2023-03-13 16:23:19,450 - mmdet3d - INFO - Set random seed to 0, deterministic: False
/home/ly/Desktop/mmdetection3d/mmdet3d/models/builder.py:86: UserWarning: train_cfg and test_cfg is deprecated, please specify them in model
'please specify them in model', UserWarning)
Traceback (most recent call last):
File "/home/ly/anaconda3/envs/openmmlab/lib/python3.7/site-packages/mmcv/utils/registry.py", line 69, in build_from_cfg
return obj_cls(**args)
TypeError: init() got an unexpected keyword argument 'voxel_size'

During handling of the above exception, another exception occurred:

Traceback (most recent call last):
File "tools/train.py", line 166, in
main()
File "tools/train.py", line 139, in main
cfg.model, train_cfg=cfg.train_cfg, test_cfg=cfg.test_cfg)
File "/home/ly/Desktop/mmdetection3d/mmdet3d/models/builder.py", line 93, in build_detector
cfg, default_args=dict(train_cfg=train_cfg, test_cfg=test_cfg))
File "/home/ly/anaconda3/envs/openmmlab/lib/python3.7/site-packages/mmcv/utils/registry.py", line 237, in build
return self.build_func(*args, **kwargs, registry=self)
File "/home/ly/anaconda3/envs/openmmlab/lib/python3.7/site-packages/mmcv/cnn/builder.py", line 27, in build_model_from_cfg
return build_from_cfg(cfg, registry, default_args)
File "/home/ly/anaconda3/envs/openmmlab/lib/python3.7/site-packages/mmcv/utils/registry.py", line 72, in build_from_cfg
raise type(e)(f'{obj_cls.name}: {e}')
TypeError: ImVoxelNet: init() got an unexpected keyword argument 'voxel_size'`
Is there a problem with my environment configuration?
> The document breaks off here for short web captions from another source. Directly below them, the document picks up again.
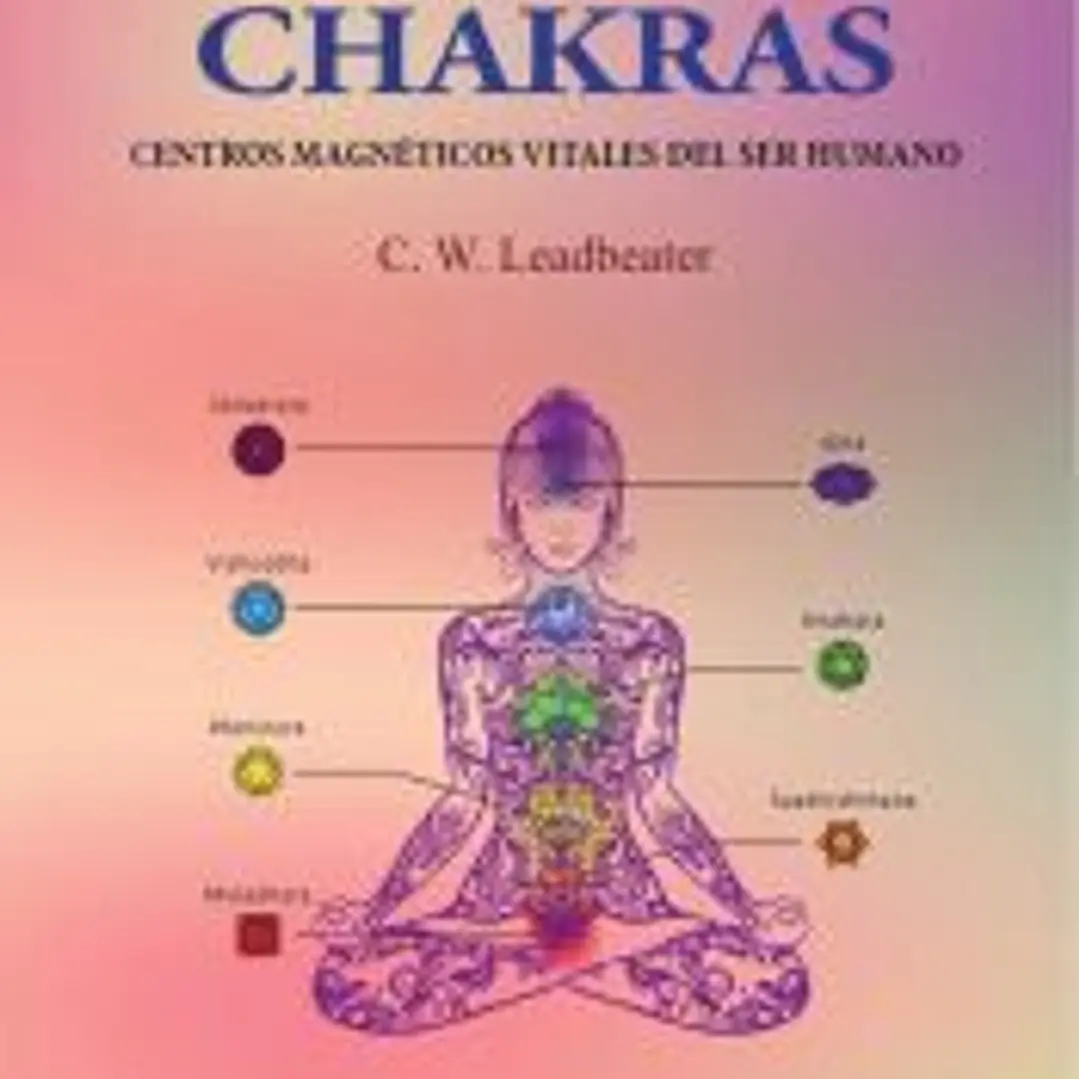 Los chakras 1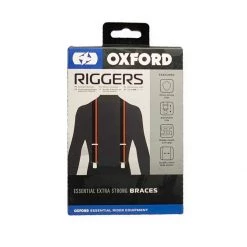 Oxford Riggers Braces Heavy Duty - Cruiser 9 Oxford Riggers Braces Heavy Duty - Cruiser -Hot Sale getgeared Shop oxford rigger 4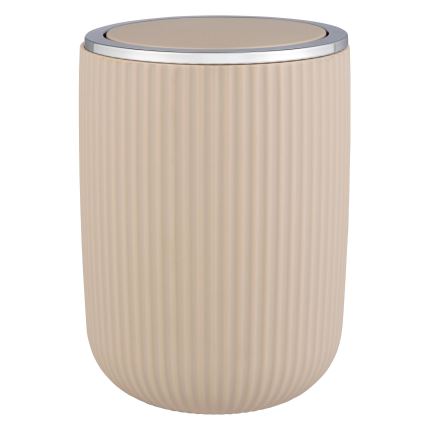 WENKO 25186100 - Koš AGROPOLI 14,5x20 cm bež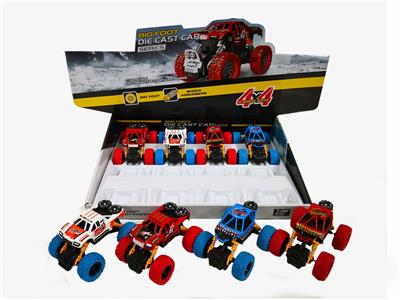 1:32合金攀爬短卡 - OBL840253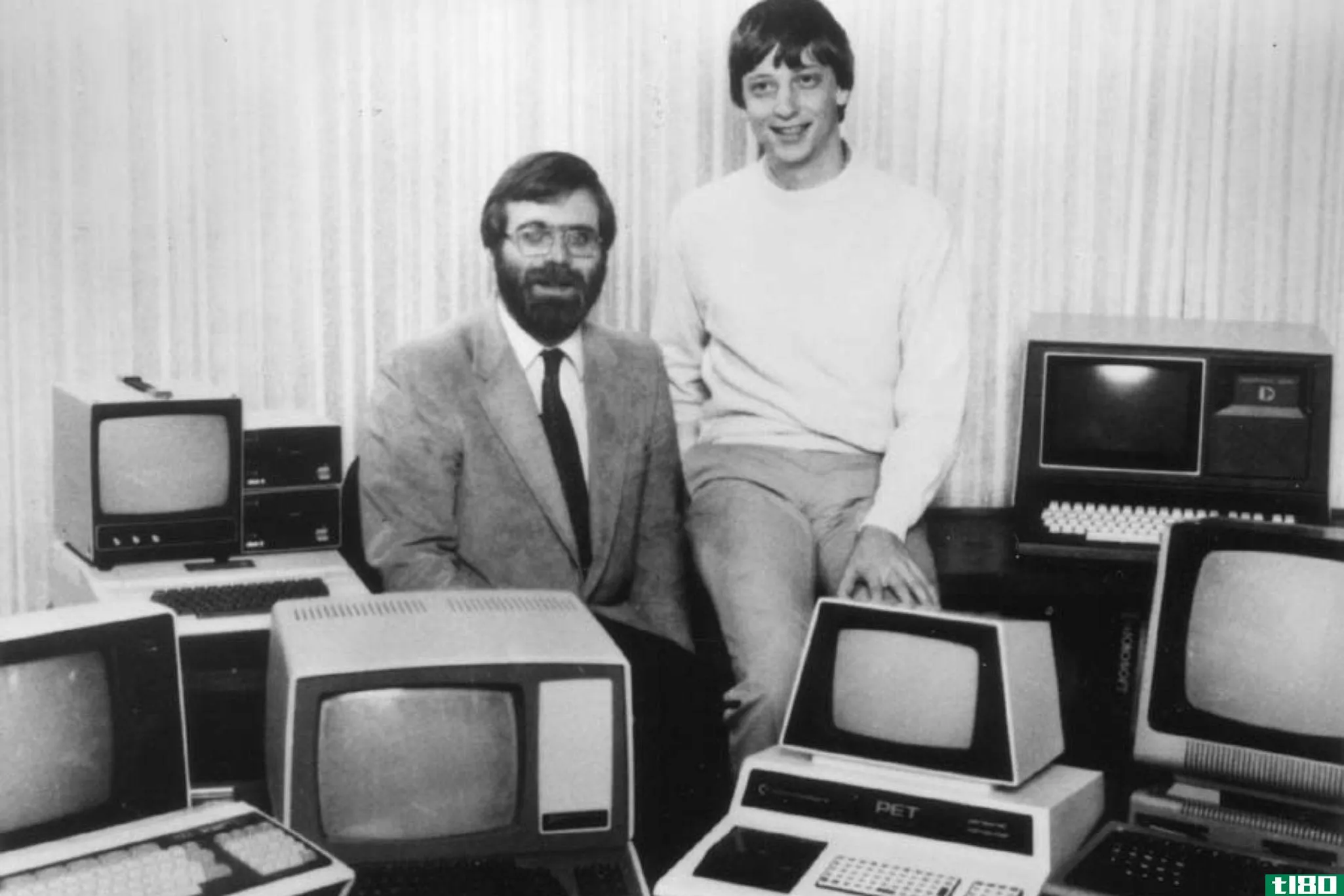 阅读比尔·盖茨在微软成立40周年之际写给微软员工的信
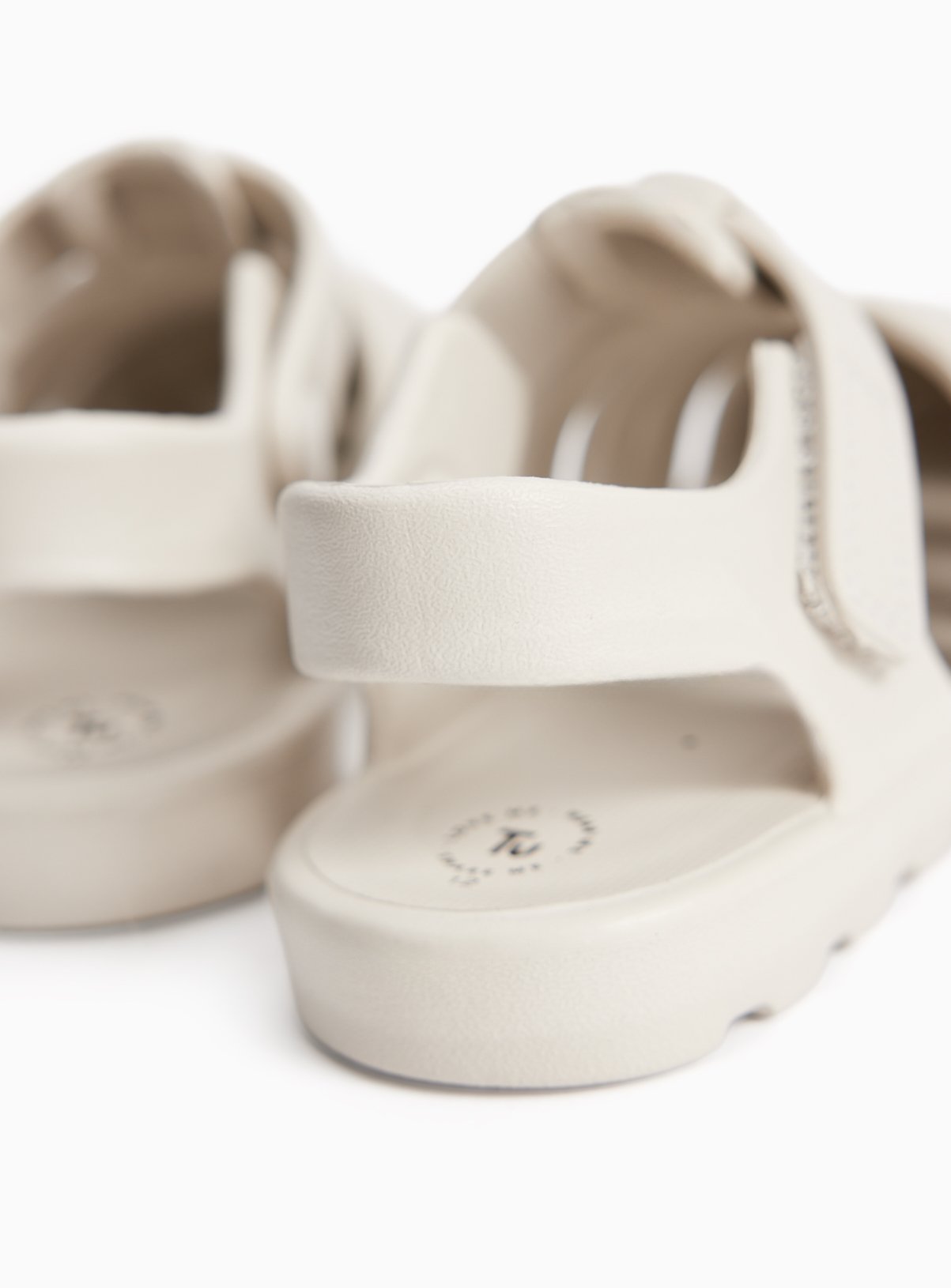 Stone EVA Jelly Sandals 11 Infant - Image 4 thumbnail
I tried many ways to solve, can you help

Looks like you are running config from samsunglabs/imvoxelnet containing voxel_size argument in the openmmlab/mmdetection3d codebase without this parameter.
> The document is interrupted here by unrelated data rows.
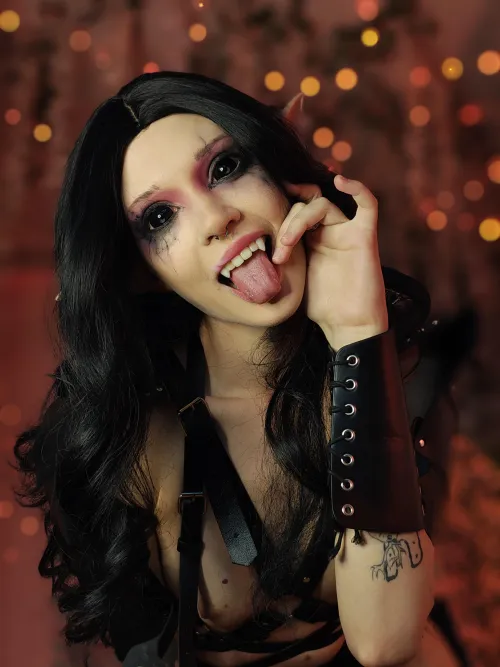 My mouth can do more than just spells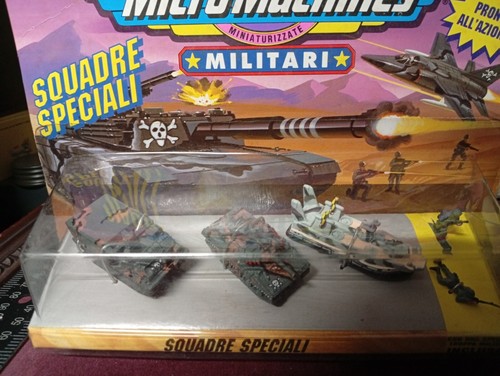 Micro machines collezione - micro,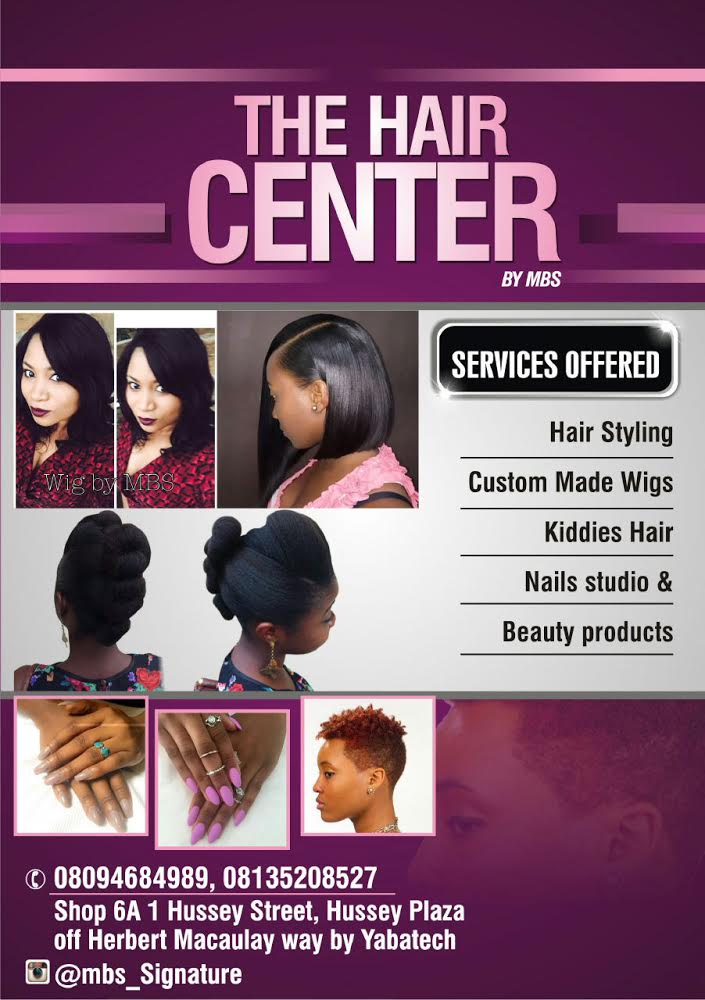 african naturalistas theres a new salon in yaba that caters to hair styling flyers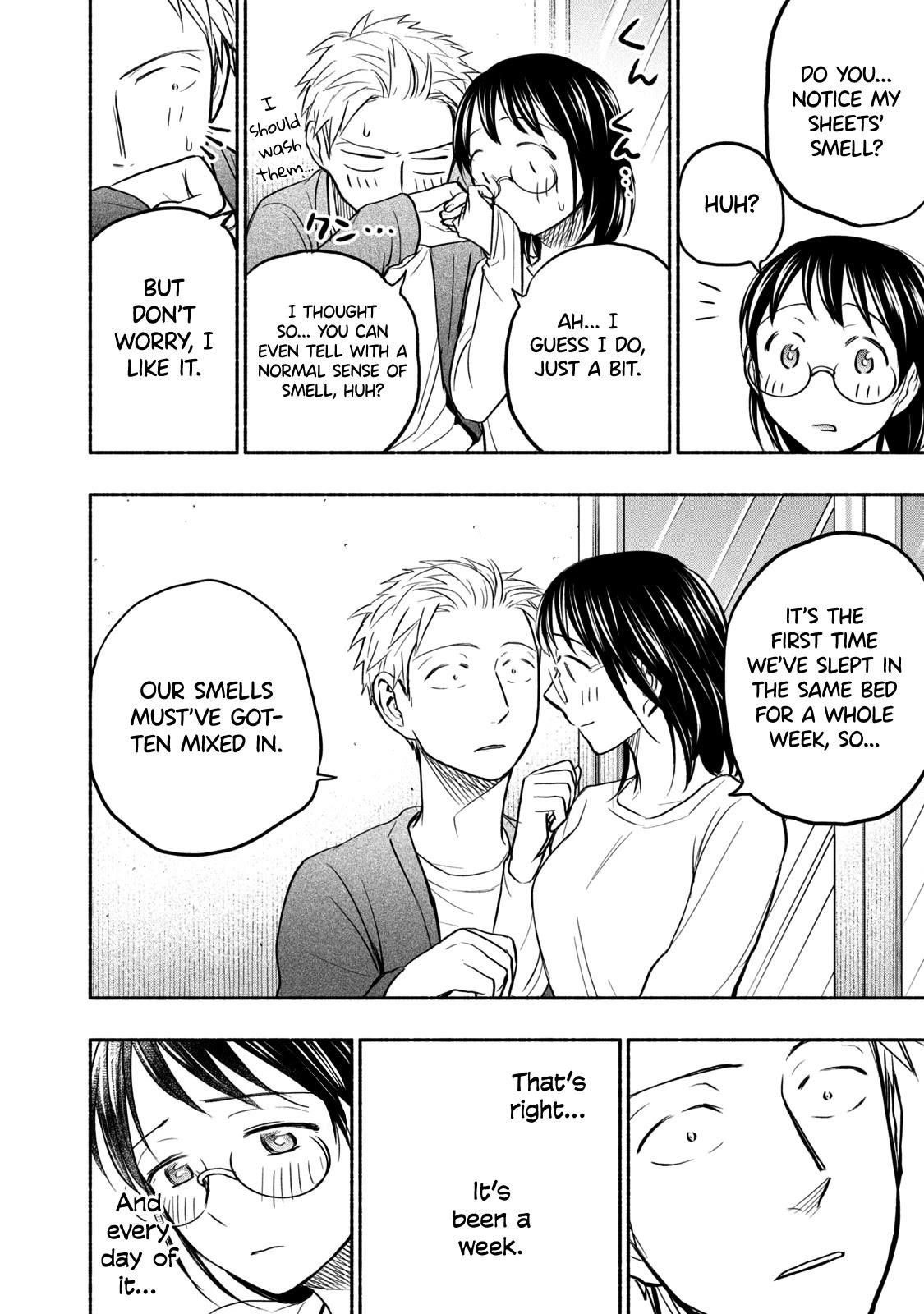 Ase to Sekken Chapter 53 - Page 10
I'm not sure about running the model on NVidia Jetson. Basically it could be possible, as all trainable layers are directly from pytorch e.g. Conv2D or Conv3D. But you somehow need to figure out the code with 2d-3d reprojection and NMS function in preprocessing.

Is there a problem with my compiling mmdet3d? But I compiled it successfully. How can I solve it

Basically, I think you first need to peek one of this 2 implementations. If you use mmdetection3d you don't install imvoxelnet and and vice versa. So, now you use master branch of mmdetection3d or imvoxelnet?